Algorithms including BP neural network, SVM support vector machine, CNN model and LSTM model can not meet the requirements of modern power system in terms of speed and accuracy, and under the challenge of multiple factors, the short plate of the traditional identification method is further highlighted, and the specific expression is: the voice print type of the transformer is mainly divided into a normal voice print signal and an abnormal voice print signal, wherein the normal voice print signal has the types of normal working voice, human voice, normal working voice, bird voice and the like, the normal working voice is the same as rain voice, the abnormal voice print signal has the types of breakdown, bias magnetic working condition, short-circuit impact, partial discharge and the like, and therefore the transformer can be seen to have excessive voice print types. However, the conventional recognition method mainly has the problems of low speed and low accuracy in recognition of the transformer voiceprint at present, on one hand, because the conventional recognition model usually corresponds to downsampling when features are extracted, the number of channels is greatly increased while the length and width dimensions of an image are reduced, and in many channels, a plurality of types of information are contained, and the correlation between some channels and the transformer voiceprint is high, some channels are low, and even some channels are almost not. Because of the channels with low correlation and no correlation with the transformer voiceprint, the accuracy of the recognition model for transformer voiceprint recognition is affected, and the recognition time is prolonged; on the other hand, the classification function part of the traditional recognition model usually takes pure samples as the premise that noise is not contained, but in practical application, the sample collection usually has difficulty in removing external noise, and the part of samples have negative influence on the training effect, so that the classification accuracy of the recognition model on the transformer voiceprints is reduced.
Disclosure of Invention
In order to solve the problems of low recognition speed and low recognition accuracy of the voiceprint of the transformer, the invention aims to provide a method for recognizing the voiceprint of the transformer based on a channel attention mechanism and AH-Softmax, which can rapidly and accurately recognize different types of voiceprint signals of the transformer.

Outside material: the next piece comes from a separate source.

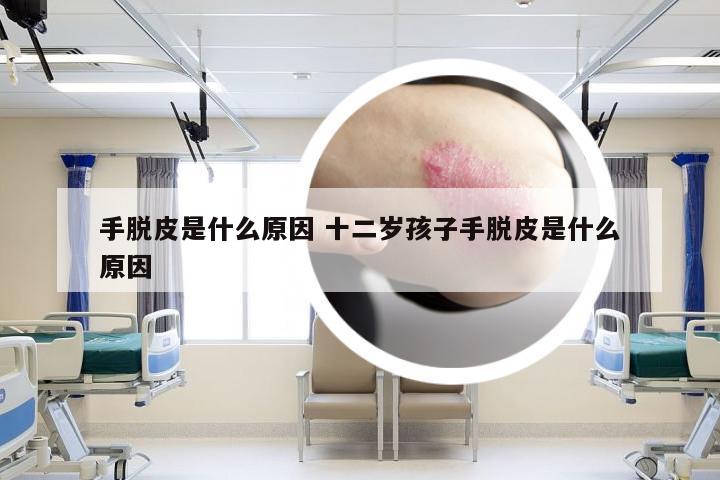 手脱皮是什么原因 十二岁孩子手脱皮是什么原因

In order to achieve the above purpose, the present invention adopts the following technical scheme: a transformer voiceprint recognition method based on a channel attention mechanism and AH-Softmax, the method comprising the sequential steps of:
(1) Utilizing r voiceprint acquisition sensors to acquire audio data of any power transformer in real time, wherein each acquired audio data corresponds to a file address; acquiring voiceprint data in a binary format of audio data and sampling frequency;
(2) Preprocessing voiceprint data in a binary format to obtain preprocessed voiceprint data omega (n), forming a data set, and dividing the data set into a training set and a verification set according to a proportion;
(3) Characteristic extraction is carried out on voiceprint data in the training set by utilizing a Mel Frequency Cepstrum Coefficient (MFCC) to obtain voiceprint characteristics and form a voiceprint characteristic training set;
(4) Improving the VGG19 model to obtain an improved VGG19 model;
(5) Training the improved VGG19 model by utilizing the voiceprint feature training set to obtain a trained VGG19 model, and verifying the trained VGG19 model through the verification set;
(6) And inputting the audio data of the power transformer to be identified into the trained VGG19 model, and identifying the voice print type of the power transformer.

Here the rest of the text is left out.